─── SUPPLIED INFORMATION
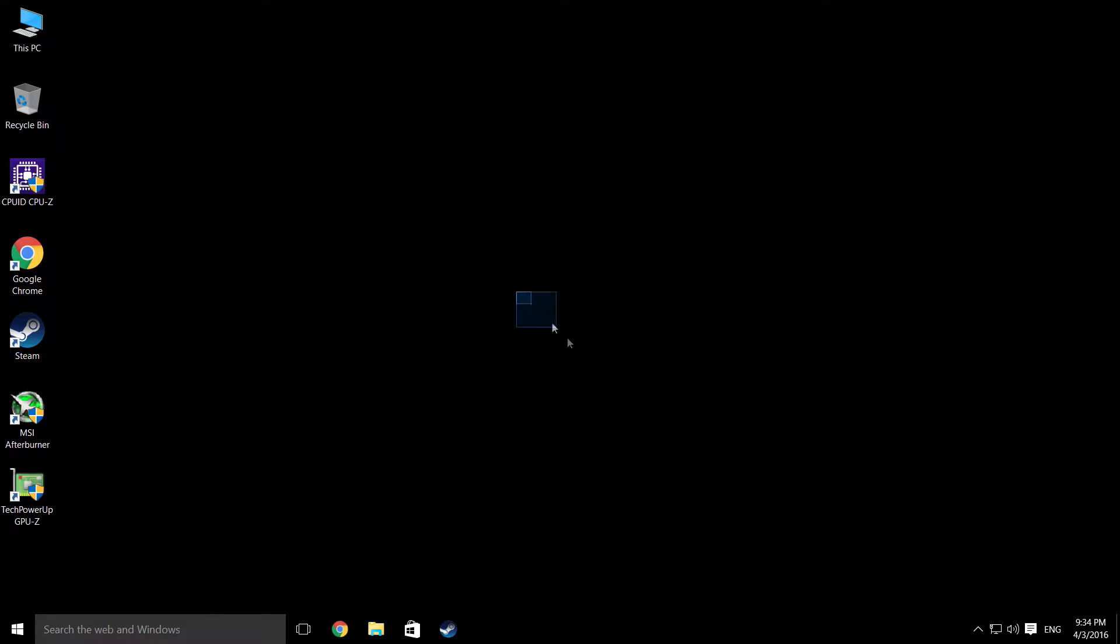What I'm going to use this for is primarily for live streaming as a secondary PC. As you can see, it's running Windows 10.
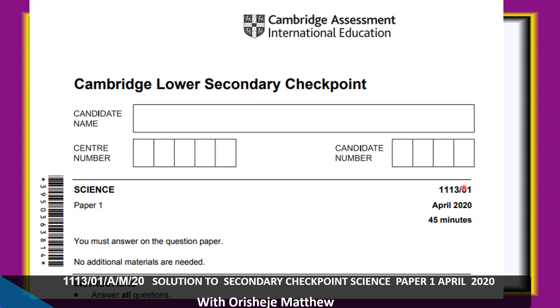This paper has a duration of 45 minutes. You are permitted to use a calculator, ruler, pencil and pen.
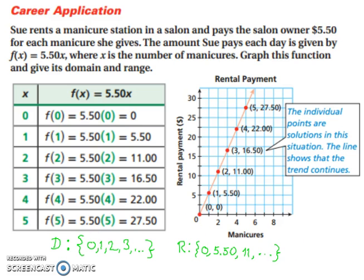And that ends our lesson on identifying linear functions.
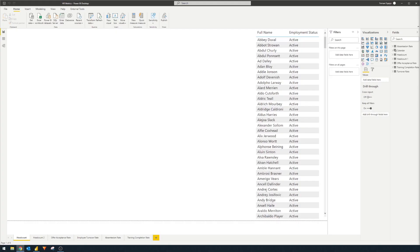The first metric you should be tracking is the headcount, which is essentially the total number of employees in your organization. There are a couple of different variations, but the simplest one is to just count the number of active employees. For this, we're going to move to the demo. At a minimum, you'll need a list of your employees.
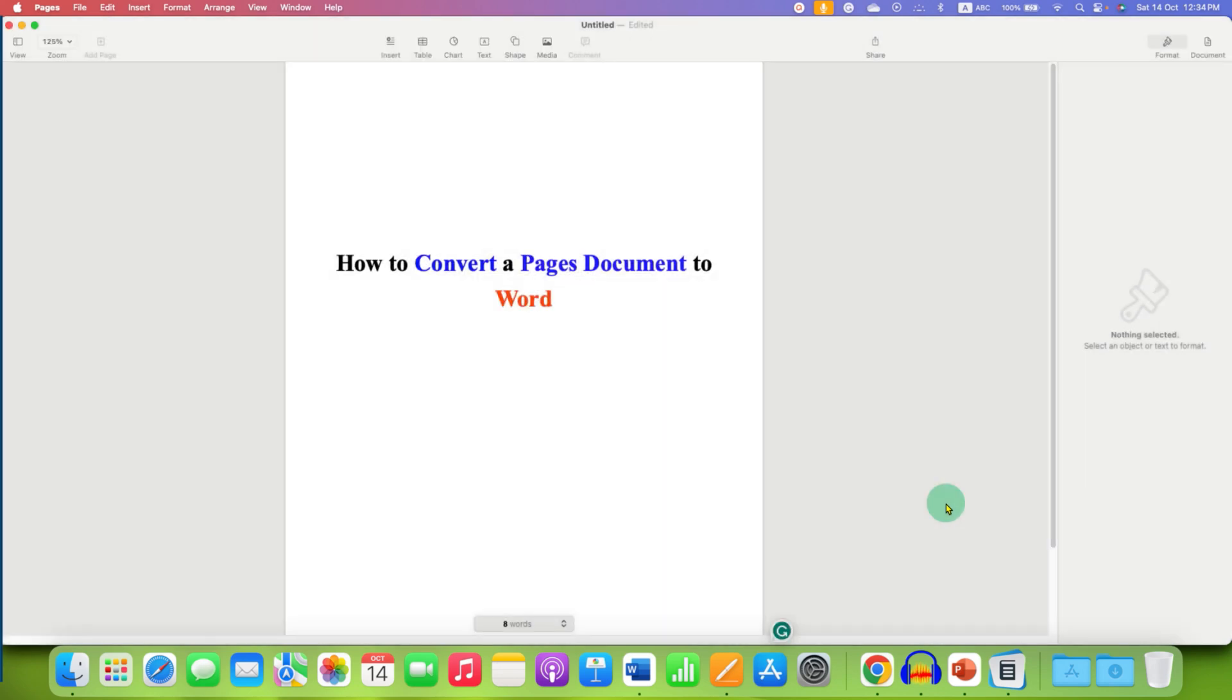Pages document to a Word document. Click on that like button, comment below, and let me know if this video solved your problem. Don't forget to check out these useful videos related to Pages on Mac. See you again in the next one.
──────
= YOUR ASSIGNMENT =
All of the entries, apart from the pictures, must be returned exactly.

= WRITTEN ANSWER =
What I'm going to use this for is primarily for live streaming as a secondary PC. As you can see, it's running Windows 10.
This paper has a duration of 45 minutes. You are permitted to use a calculator, ruler, pencil and pen.
And that ends our lesson on identifying linear functions.
The first metric you should be tracking is the headcount, which is essentially the total number of employees in your organization. There are a couple of different variations, but the simplest one is to just count the number of active employees. For this, we're going to move to the demo. At a minimum, you'll need a list of your employees.
Pages document to a Word document. Click on that like button, comment below, and let me know if this video solved your problem. Don't forget to check out these useful videos related to Pages on Mac. See you again in the next one.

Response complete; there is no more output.